**WHAT IS BEING ASKED**
An exact copy of the lines, starting at the top of the listing and ending with the line that has "RealRooms Praxis Metal", is the required answer. Pictures are not part of it.
** Opening GIVEN RECORDS block **
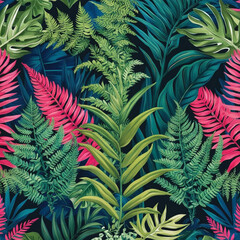 beautiful vibrant A botanical pattern with ferns and tropical leaves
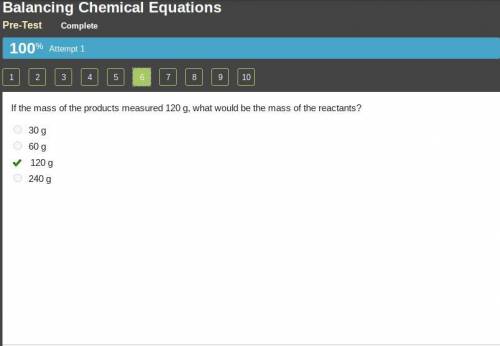If the mass of the products measured 120 g, what would be the mass of the reactants?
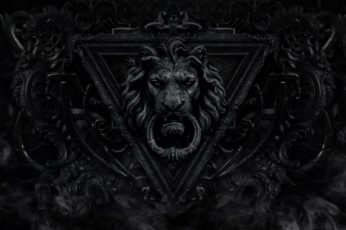 Wallpaper Lion door knocker, lion door knocker, monochrome, dark, black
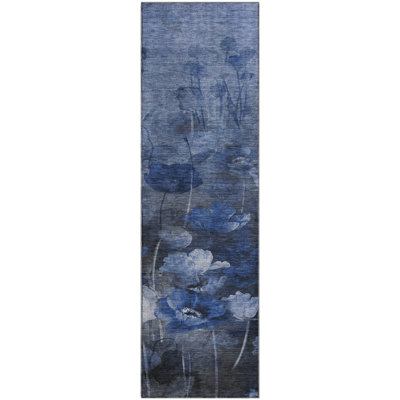 Premium Machine Washable Cerrito Blue Rug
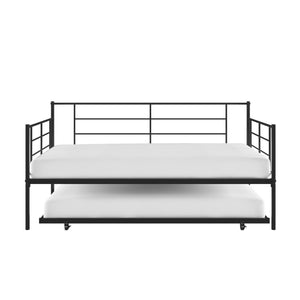 RealRooms Praxis Metal Daybed with Trundle - Black - Twin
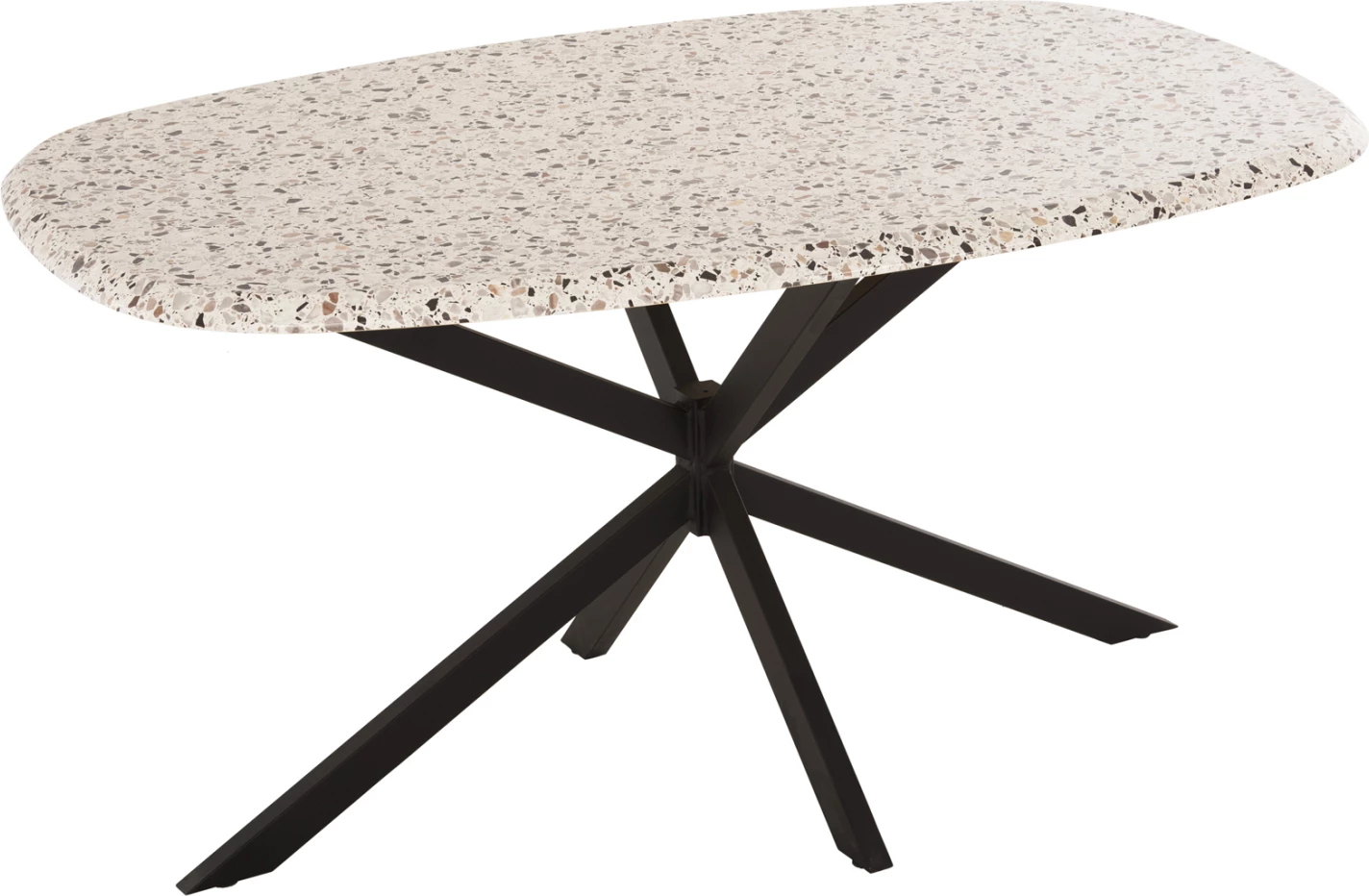 Tavolinë oval për ngrënie, sipërfaqe tavoline Werzalit, ngjyrë terrazzo, bazë metalike e zezë, 146x94x75H cm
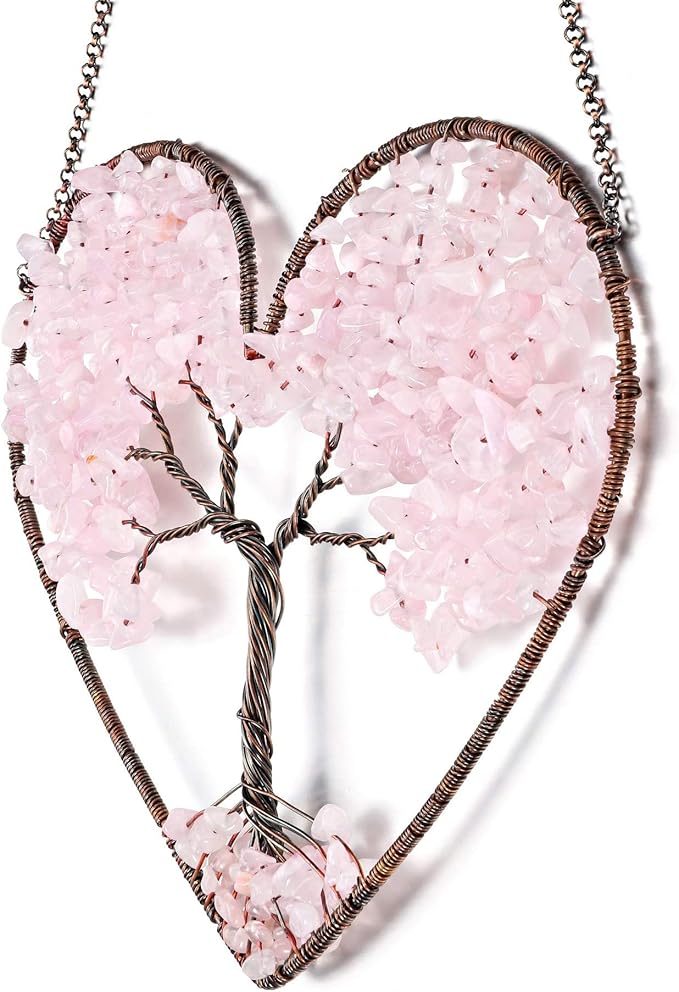 JOVIVI Tree of Life Feng Shui Crystal Heart Hanging Ornament Rose Quartz Gemstones Healing Stones Yoga Meditation Window Wall Hanger for Home Wedding Decor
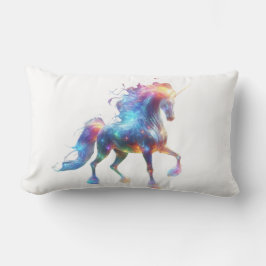 Almofada Lombar Neon Unicorn Art – Glowing Fantasy Horse Rainbow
** Closing GIVEN RECORDS block **
**EXERCISE SOLUTION**
 beautiful vibrant A botanical pattern with ferns and tropical leaves
If the mass of the products measured 120 g, what would be the mass of the reactants?
 Wallpaper Lion door knocker, lion door knocker, monochrome, dark, black
 Premium Machine Washable Cerrito Blue Rug
 RealRooms Praxis Metal Daybed with Trundle - Black - Twin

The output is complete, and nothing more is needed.